GitHub is stuffed full of free and open-source development tools, all with no guarantee that they’re stable, up-to-date, or even still maintained! Companies need a way to ensure that the GitHub projects they’re adopting come with a clean bill of health — and for that, they turn to you!
You’re the CTO of GitHub Health, a unique startup that provides reports and analysis of GitHub software projects. But your findings aren’t based on gossip, they’re based on data. In this liveProject, you’ll build a serverless data system that can extract meaningful data from GitHub, store it in a database, and display the statistics using Google Cloud. Once you’re done, you’ll generate a report for a new client on which of three open-source projects is the best choice for its new DevOps team.
This project is designed for learning purposes and is not a complete, production-ready application or solution.

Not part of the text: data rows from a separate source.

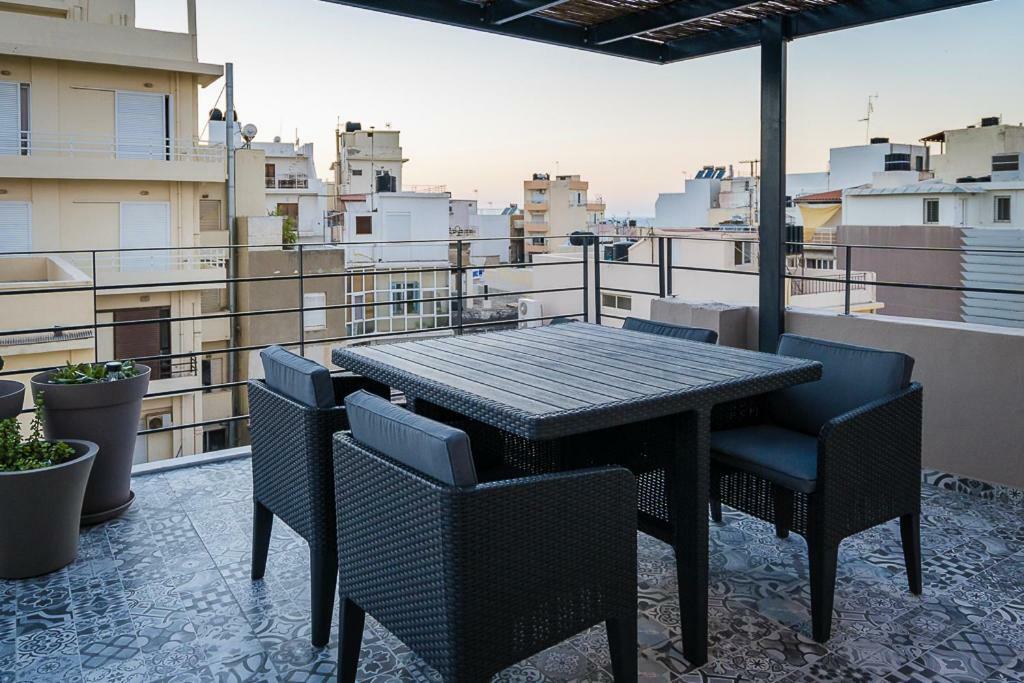 Yasemi Superb Two Floor Apartment Ираклион Экстерьер фото
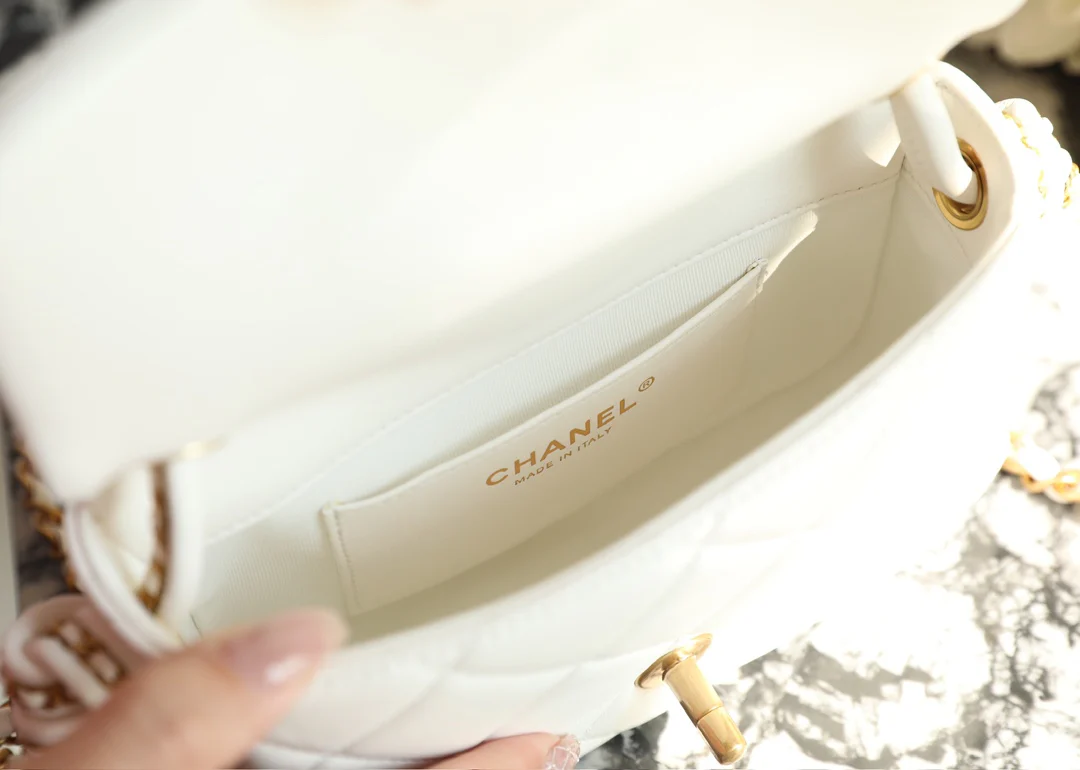 Chanel 25c - Мини-сумочка с узлом и клапаном - Белая с золотой фурнитурой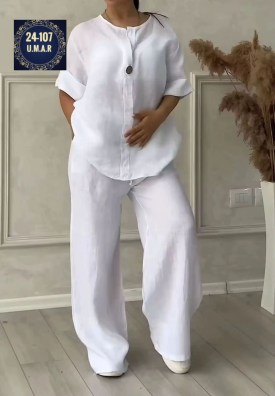Костюм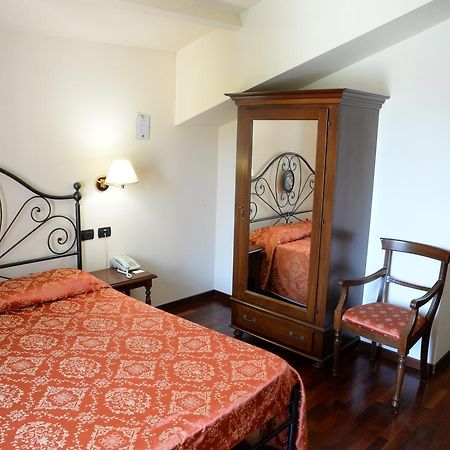 Villa Chiara Hotel 카넬리 외부 사진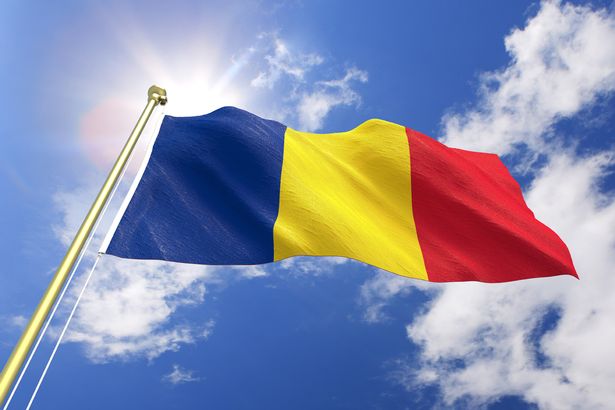 Drapelul României va fi modificat. Cum va arăta noul steag - romanianflag-1465628506.jpg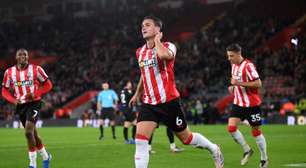 Southampton vence Stoke City e vai às quartas da Copa da Liga Inglesa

This liveProject is for early-career data analysts and programmers looking to experiment with serverless data platforms. The project is language-agnostic, and skeleton solutions for Python, Go, Node.js and SQL are available for those who need them. To begin this liveProject, you will need to be familiar with:
- UNIX shell/terminal
- Basic Git
- Basic SQL
- HTTP request/response handling
- Basic summary statistics
you will learn
In this liveProject, you’ll learn how to extract insights from data without having to provision and manage data processing infrastructure. The serverless mindset you develop will help boost your productivity and prove a valuable asset to your career in data science. While this liveProject uses Google Cloud for its solution, the techniques developed are equally applicable to Amazon Web Services and Microsoft Azure.
- Querying Github to extract data
- Executing the code and storing the results of the queries
- Loading query results into a database
- Transforming data using BigQuery SQL functions
- Using Data Studio to draw up reports